Exercise instructions ▸ Starting at the line with "Damen Samt-Cropped-Ziphoodie und", return every line through the final one of the data, word for word. Pictures stay out.

-------- Supplied records

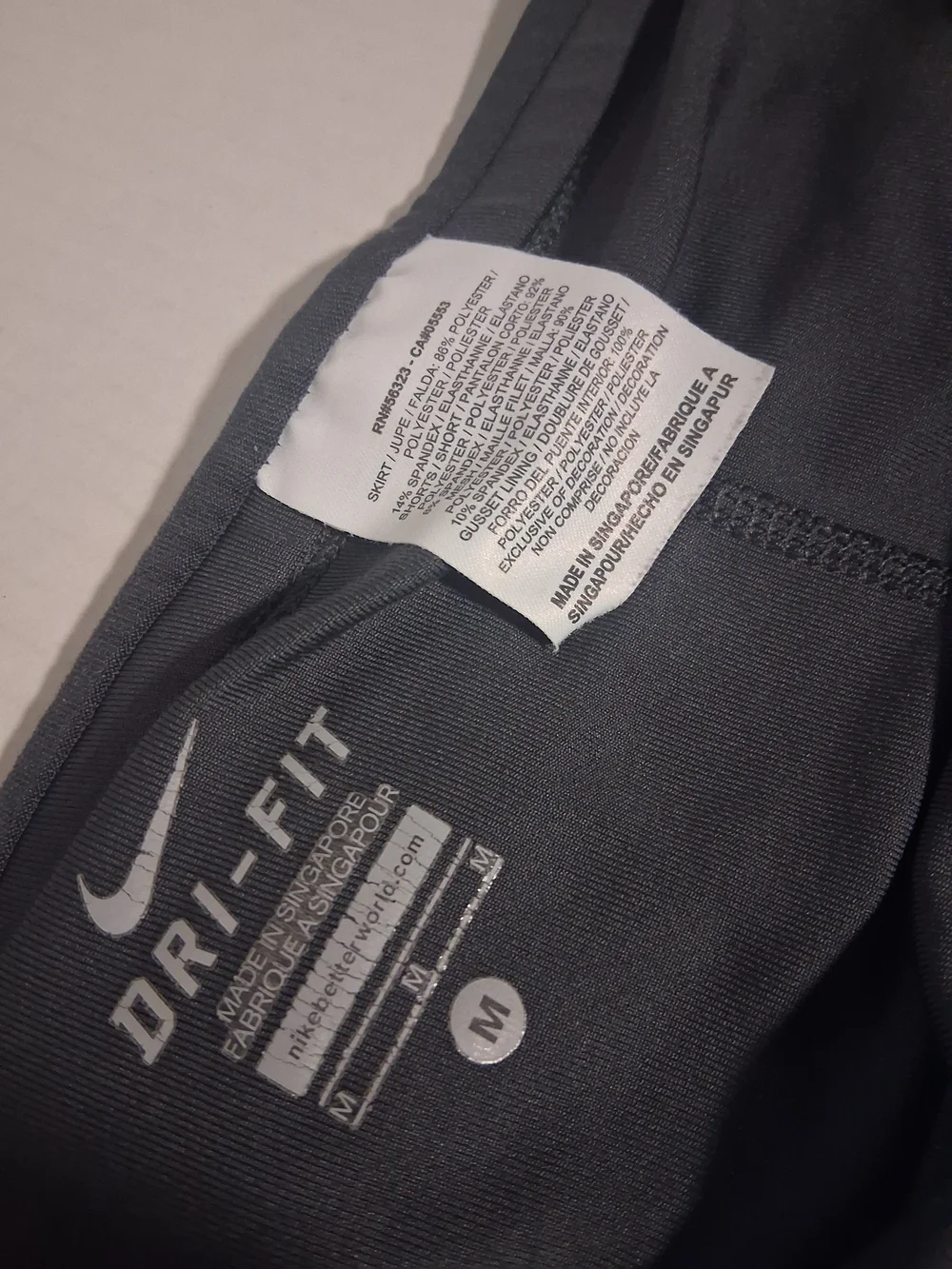 Nike Blue and Black Athletic Skort with Drawstring Waistband Size M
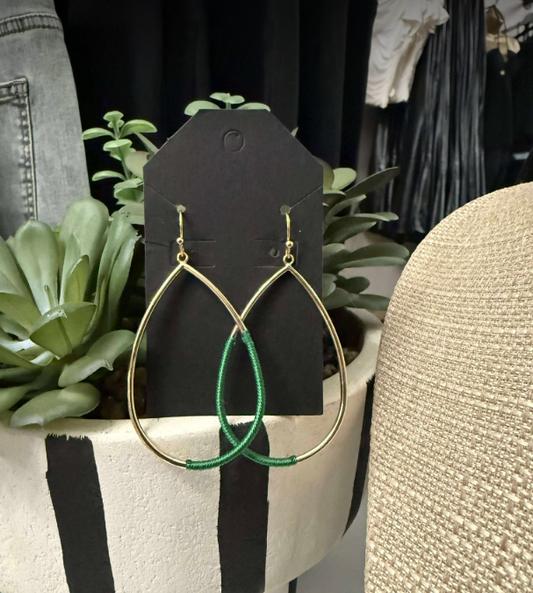 Green Tear Drop Earrings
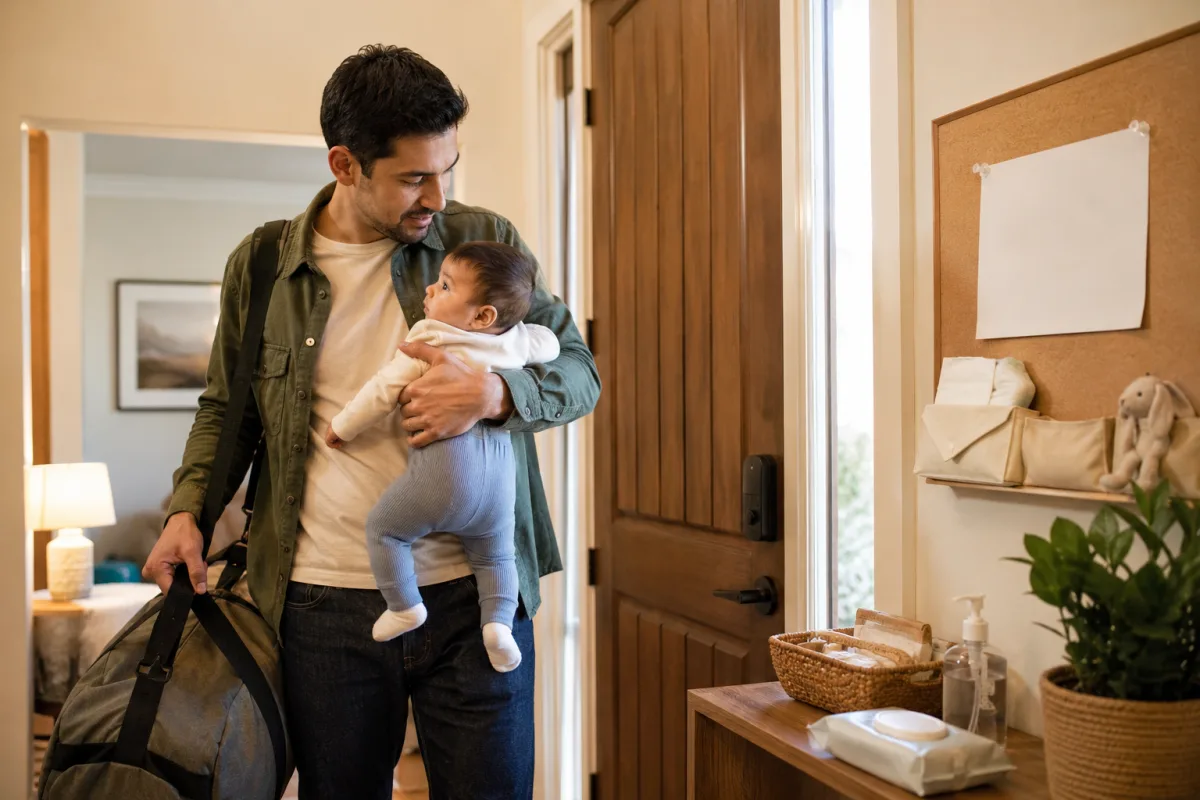 New dad managing visitor boundaries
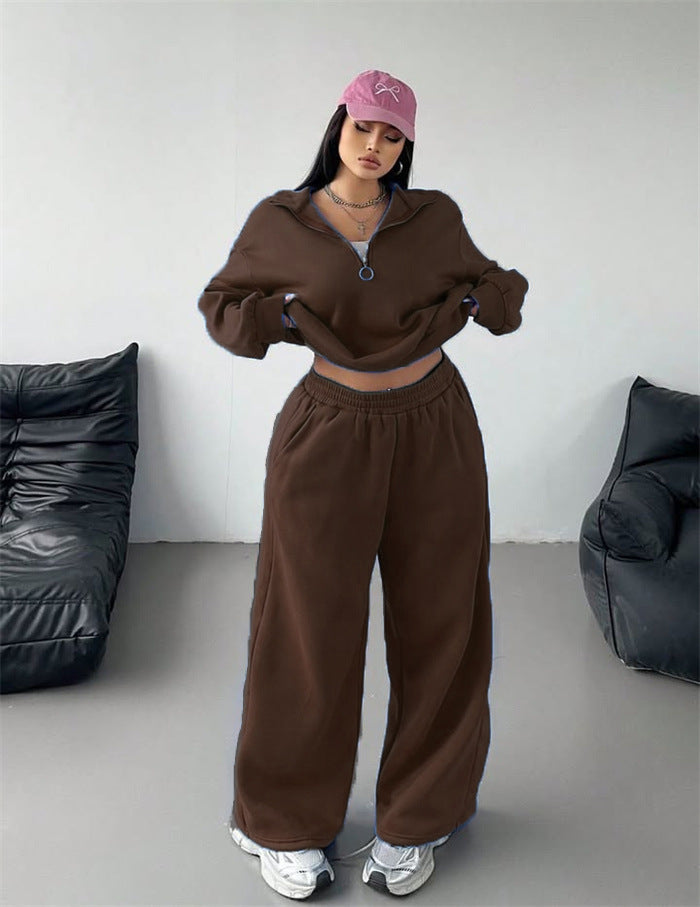 Damen Samt-Cropped-Ziphoodie und weit geschnittene High-Waist Palazzo-Jogginghose Shop Nory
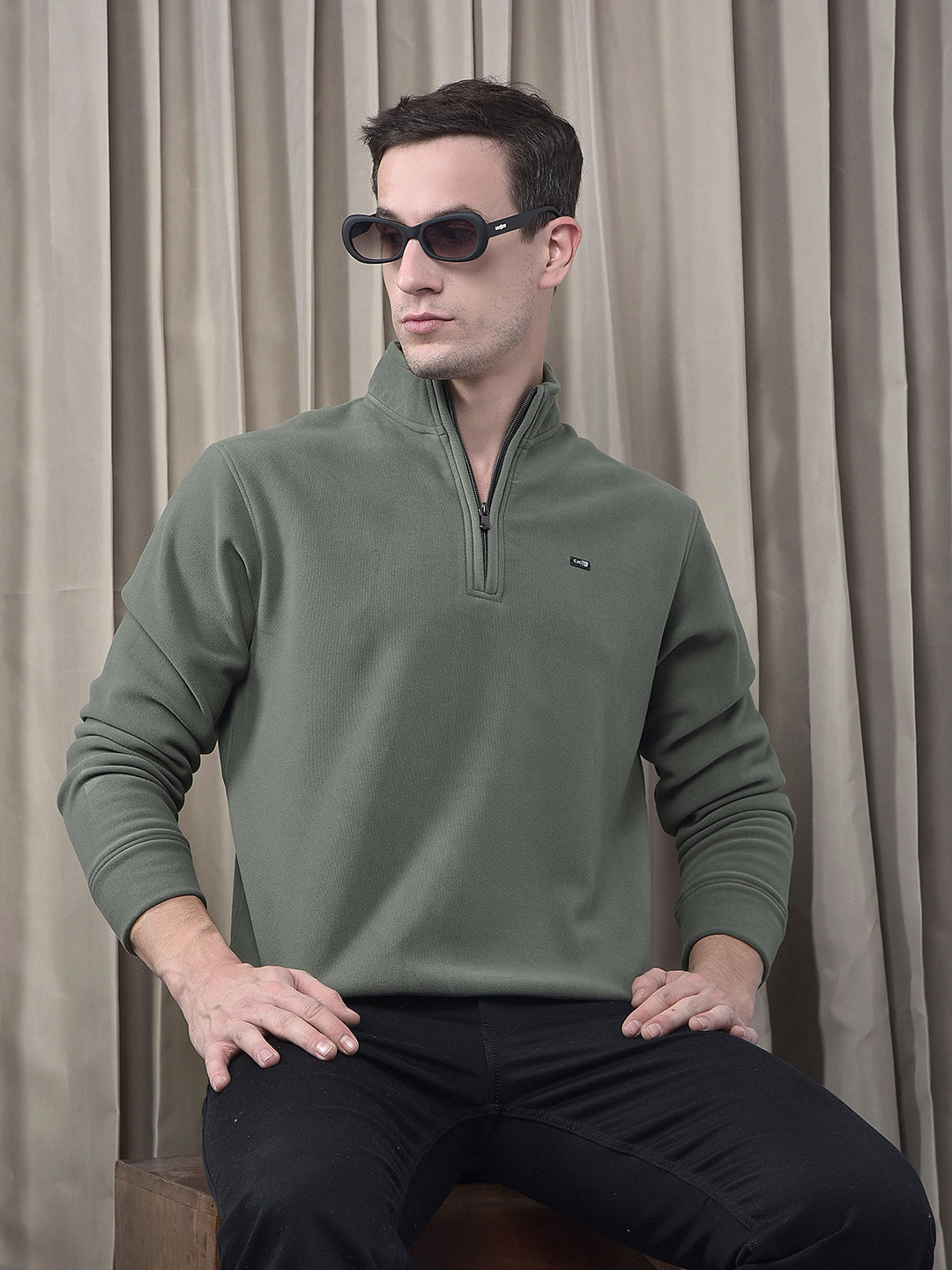 cobb solid olive half-zipper velvet sweatshirt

----------------

Result of this exercise ▸
 Damen Samt-Cropped-Ziphoodie und weit geschnittene High-Waist Palazzo-Jogginghose Shop Nory
 cobb solid olive half-zipper velvet sweatshirt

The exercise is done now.